How to Drive in Snow and Ice

Be Prepared – Your safety is the most important thing

Severe Weather can mean bad visibility and poor driving conditions, so be prepared and try and plan around the forecast weather warnings.

The first question should be, do I need to make this journey.  If you can avoid driving when conditions outside are unpredictable and potentially dangerous, you should.

Always plan your journey and prepare the route beforehand, sticking to the main road where possible, as these are more likely to be gritted and cleared.

Listen to the traffic updates, you might have a better chance of avoiding serious delays.

Packed car

Now, we are not saying pack your car like the one above, however......make sure you have plenty of fuel for the journey, bearing in mind you could get delayed and need to keep warm.  You might also want to pack some water to drink, something to eat, a blanket, mobile phone charger and first aid kit.

Check that your windscreen wipers are in good working order to keep the windscreen clear and your visibility unaffected.

Make sure your lights are all working and clearly visible.

Remember that a car’s stopping distance will be longer in the bad weather, and if snow is falling heavily, it will reduce your visibility so give yourself longer to react.

Winter driving

Tips for driving in snow

To avoid wheel spin, be gentle on the throttle, avoiding harsh acceleration.  Pull away in second gear, easing your foot off the clutch.

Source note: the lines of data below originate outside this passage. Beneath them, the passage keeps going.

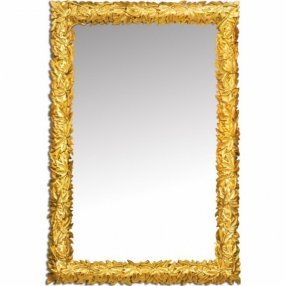Зеркало Armadi Art Natura 75 золото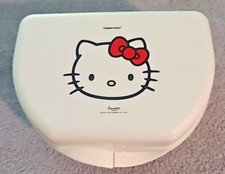 KÜCHE : Tupperware HELLO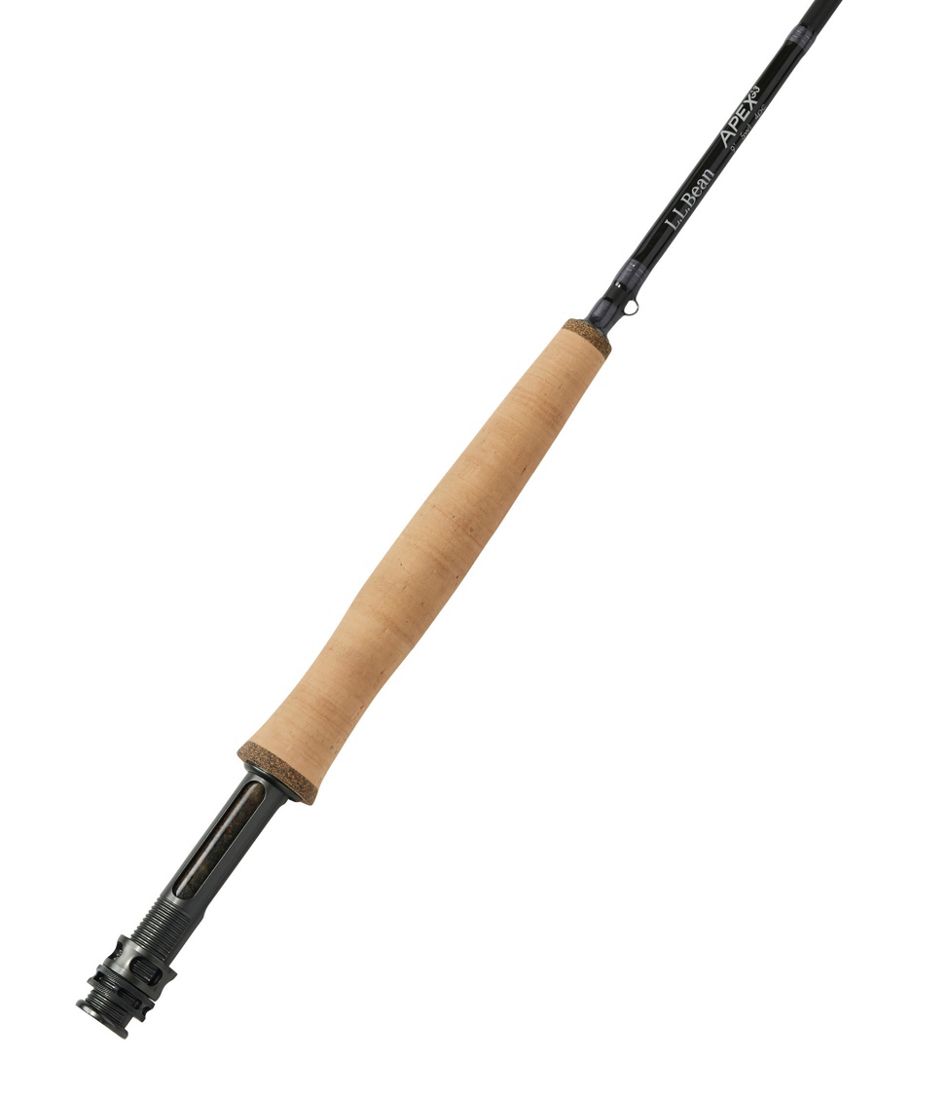Apex G3 Fly Rod / L.L.Bean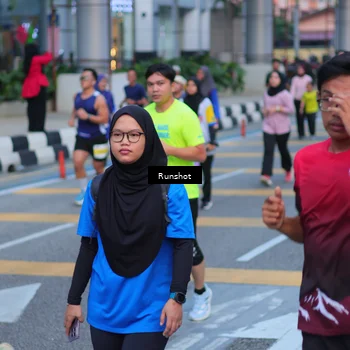 Runner Photo 5023596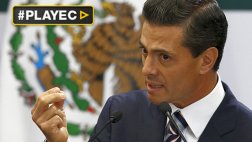 México se compromete a fortalecer protección para periodistas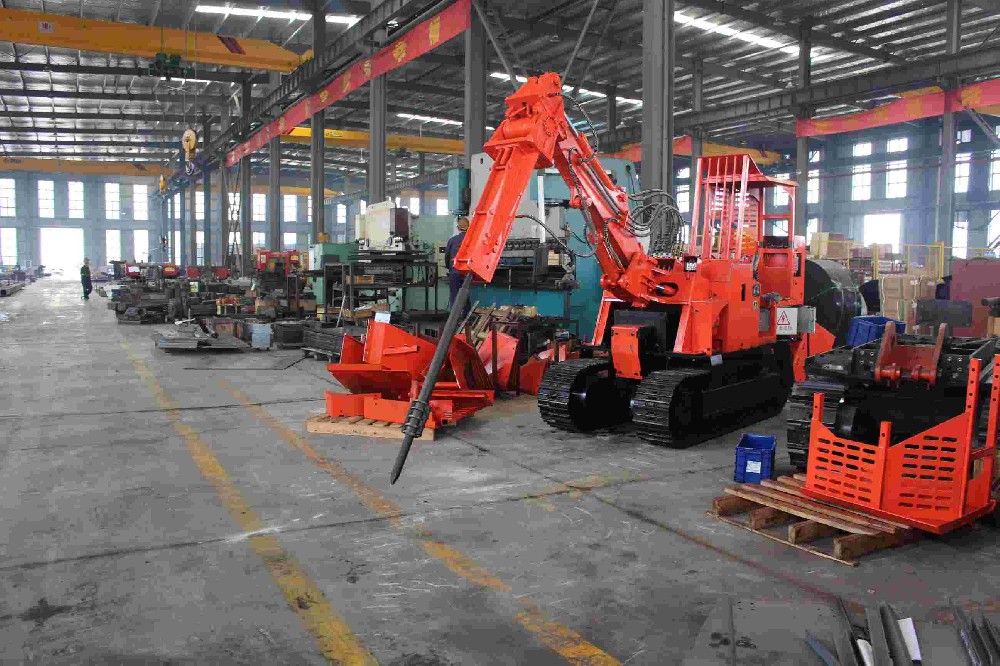 南通井下扒渣機生產(chǎn)廠家，從產(chǎn)品看專業(yè)度
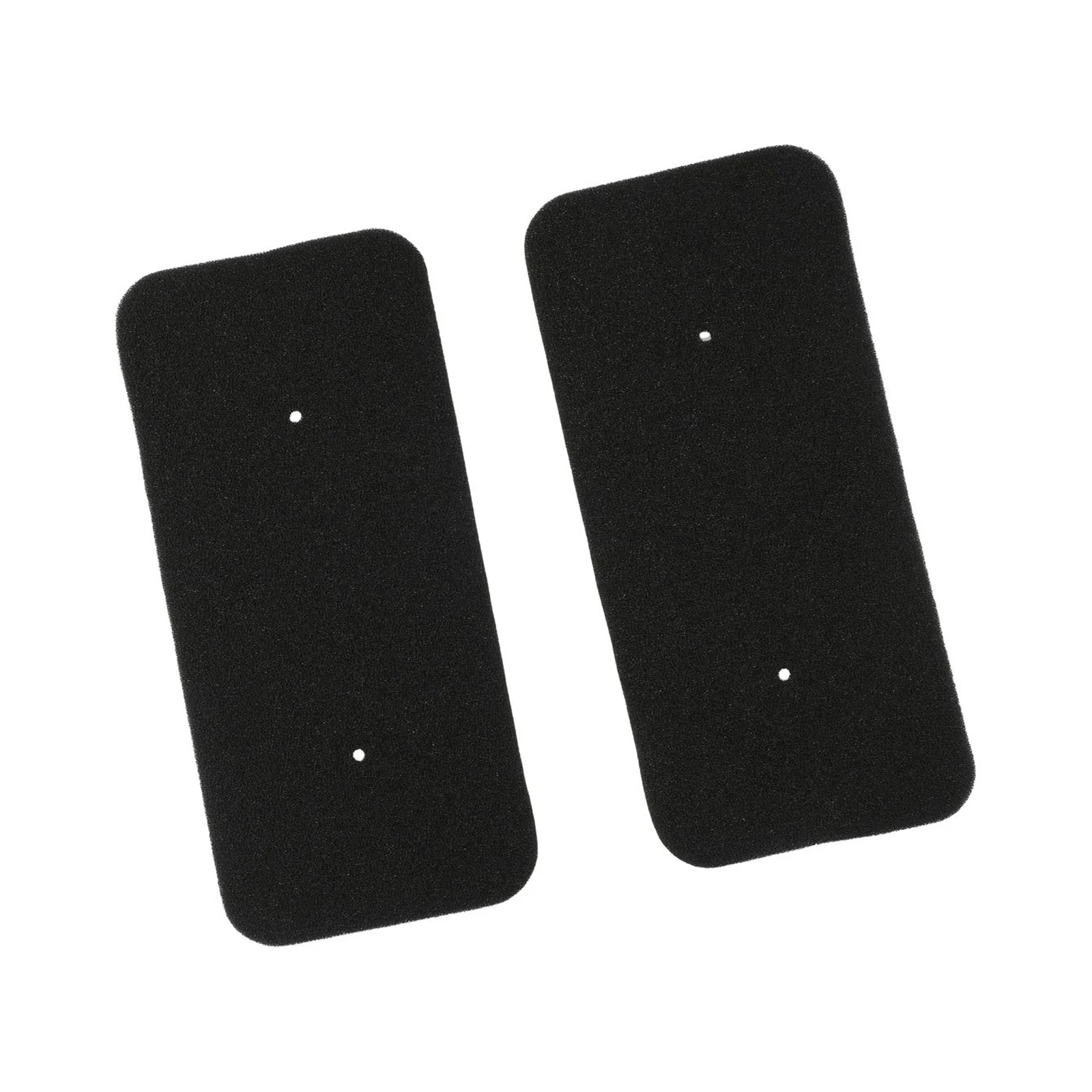 Useful Things For Kitchen Sponge Filter 2Pcs For Candy For Hoover 40006731 Dust Foam For Condenser Dryer Household Supplies Set
Useful Things For Kitchen Sponge Filter 2Pcs For Candy For Hoover 40006731 Dust Foam For Condenser Dryer Household Supplies Set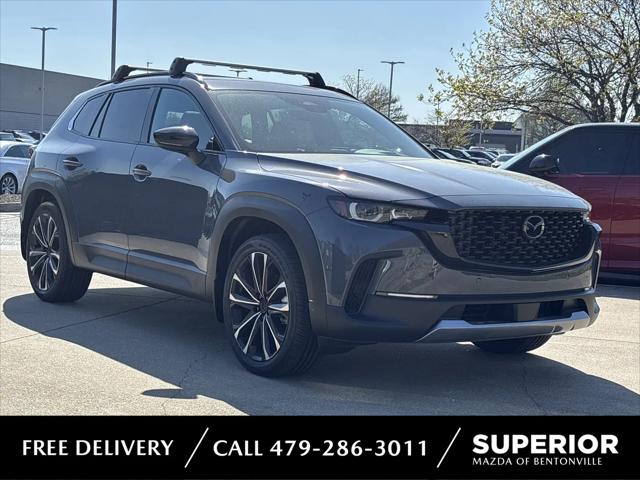 2026 Mazda CX-50 2.5 Turbo Premium Plus for sale in Bentonville, AR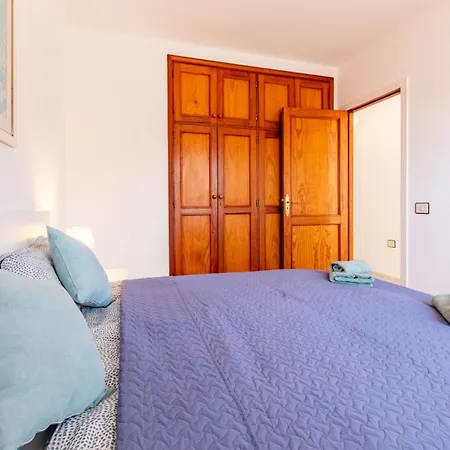 Lejlighed Ocean View Penthouse By Dream Homes Tenerife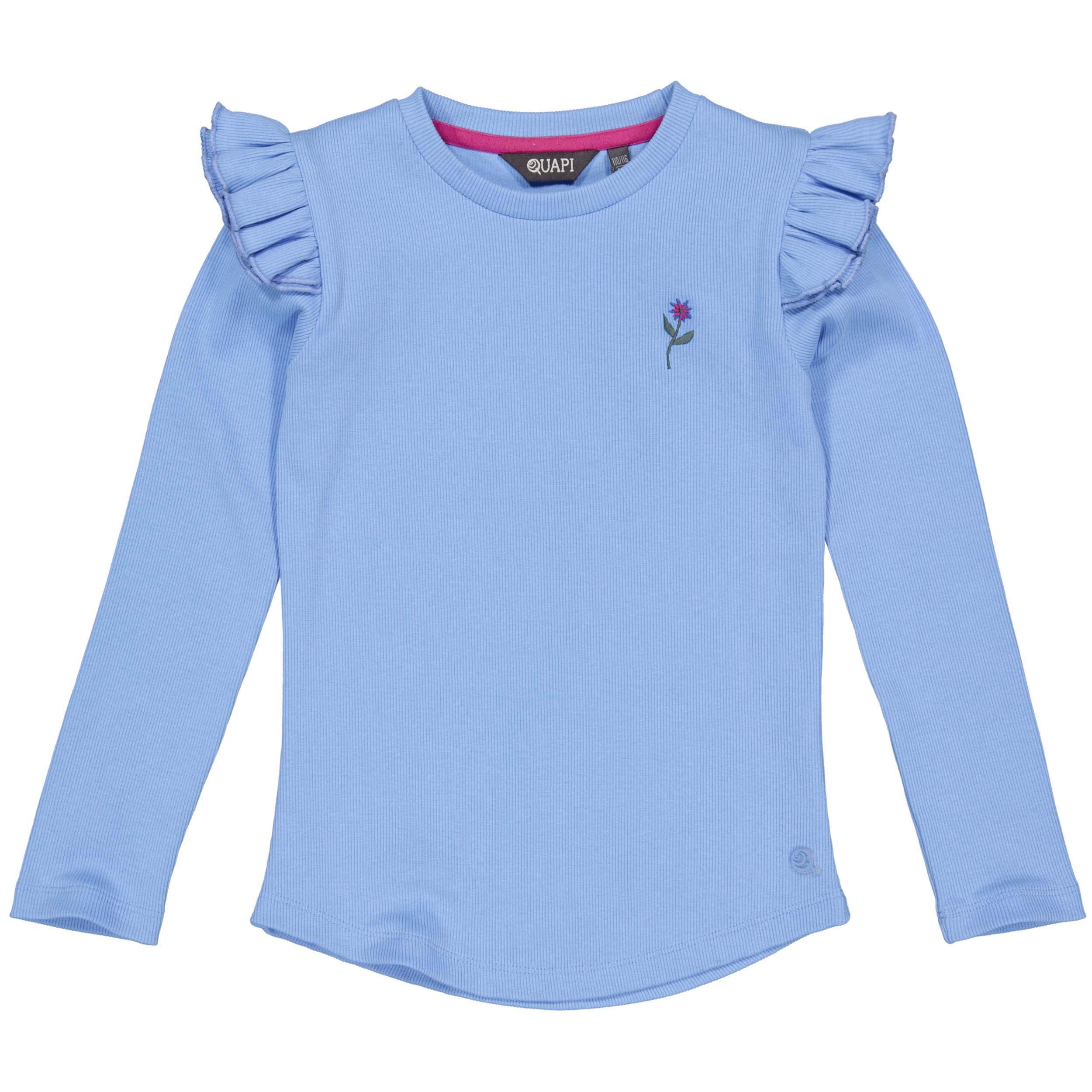 LONGSLEEVE | Blue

To slow down, use engine braking through the gears – just touch the brake pedal lightly to show brake lights to others behind

Use a low gear to try and avoid braking and leave as much room as you can to the car in front.

If you are approaching a hill, drop well back or wait until its clear of traffic, to avoid stopping part way up and keep a constant speed and try to avoid changing gear on the hill.

Daytime running lights will not be enough in heavy snow, so make sure you use your dipped How to headlights.

If the conditions improve, be aware that country roads and bridges might still be hazardous, as they may not have been gritted.

Black Ice

Black ice is a thin layer of ice on the road surface that’s usually transparent, it is caused by rain falling on frozen surfaces.   It's very difficult for drivers to see, so it can be one of the biggest dangers of winter driving.  It’s very important you know how to react if you hit a patch of black ice on the road.  It usually forms on parts of the road that don’t get much sun – tree-lined routes and tunnels – as well as on bridges, overpasses and the road beneath overpasses.

If its slippery, do everything slowly as things can go wrong very quickly.

Avoid harsh braking and acceleration, use the brakes gently and reduce your speed slowly and smoothly.

If you do hit the black ice, keep calm and avoid sudden manoeuvres.

Don’t hit the brakes, lift off the accelerator and try to keep steering straight, allowing the car to pass over the ice.

Winter tyres

Most cars are fitted with summer tyres as standard.  Winter tyres can provide additional grip in the icy and wet conditions although they are not able to tackle driving in deep snow.  As an alternative you could consider all-season tyres.